To manage culture is neither a right or a responsibility given us by God.  The Church is in danger of being swept up or swept aside by competing agendas.  In fact, our age suffers the great anxiety of addressing improvements to our culture and world as if there might be a way to end all wrongs.  The Church cannot afford merely to take sides amid the competing  political, moral, social, sexual, and cultural agendas thrust before our nation and our world.  We are not in a race to become those who rescue the moment.  We have a unique and different task.  We are called to be voices of eternity in a world which sees and judges only by the moment.  We are not here to build a better world.  We are here to proclaim the Kingdom that is not of this world but is clearly in it through the means of grace.
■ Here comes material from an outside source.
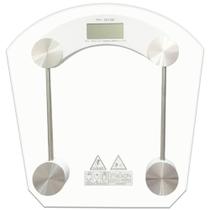Balança Corporal Digital Ferimte Qf-2003b, Hasta 180 Kg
The culture has adopted as normal nearly all the things those went before us could not even conceive -- from reproductive technology to gender fluidity, and to a world in pursuit of pleasure above all things.  Ours is not simply to oppose such irrational ends and promote a Christian society but rather to speak the Gospel to sinners in chains because of their sins and to those condemned to death now and forevermore. The Gospel is not a step stool toward a higher cause of justice but justice, if there is any, is the fruit of a society in which the Gospel is proclaimed loudly and clearly.
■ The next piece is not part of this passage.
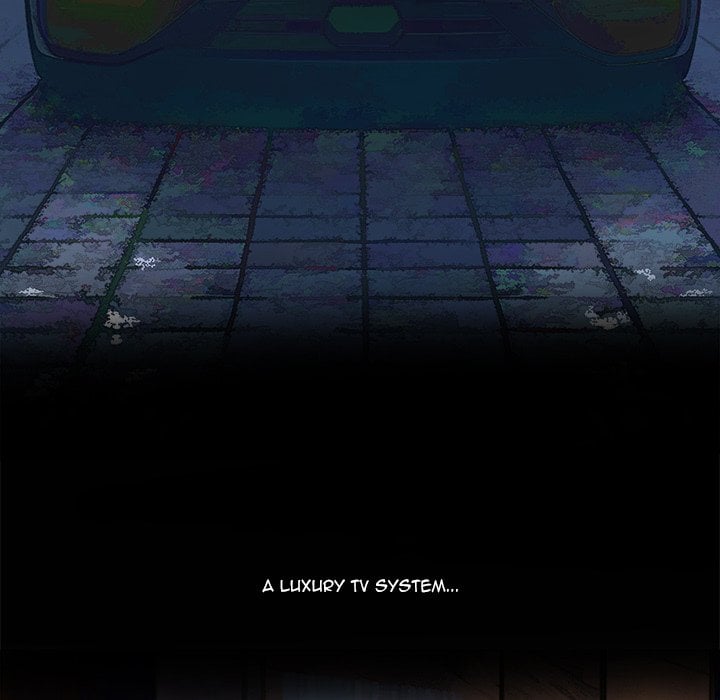 My High School Bully Chapter 209 - Page 200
How strange it is that the Church seems to weigh in on everything from movie reviews to gender issues and yet is without much of a voice to call even her own people to lives of holiness and righteousness!  How strange it is when people equate the Church and the Gospel with a position on these issues instead of seeing the Church through the lens of Christ crucified and risen!  How strange it is when the institutional survival of church structures becomes equated with the survival of the Church, the Bride of Christ!  How strange it is that Christians battle for the dominance of their ideas but fail to manifest the cause of virtue, holiness, humility, and love in their daily lives!

The gift of the Gospel is the power to become the people God has declared us to be.  Good works may not be worth a dime for saving us but that does not mean that good works are without value for the sake of our neighbor, for the witness to the faith, and for the glory of God.  Love may seem impotent and laughable in a world where power is in the media and words become weapons as powerful as the ones we manufacture for war but we forget that love became incarnate for us and for our salvation and love triumphed in the ultimate sacrifice of the cross.

The preaching of the Church must not neglect the call to holiness and the sanctification of life even as the cross and our justification is proclaimed.  Yet this seems to be missing when our people gather in the Lord's House on the Lord's Day.  We face the triumph of liberty which is soiled in the pursuit of trivial things that become our undoing.  True freedom is expressed most of all by our submission to the gracious will of God and our pursuit of love for our neighbor.  What none can be compelled to do has become our free calling and vocation by the gift of God in baptism.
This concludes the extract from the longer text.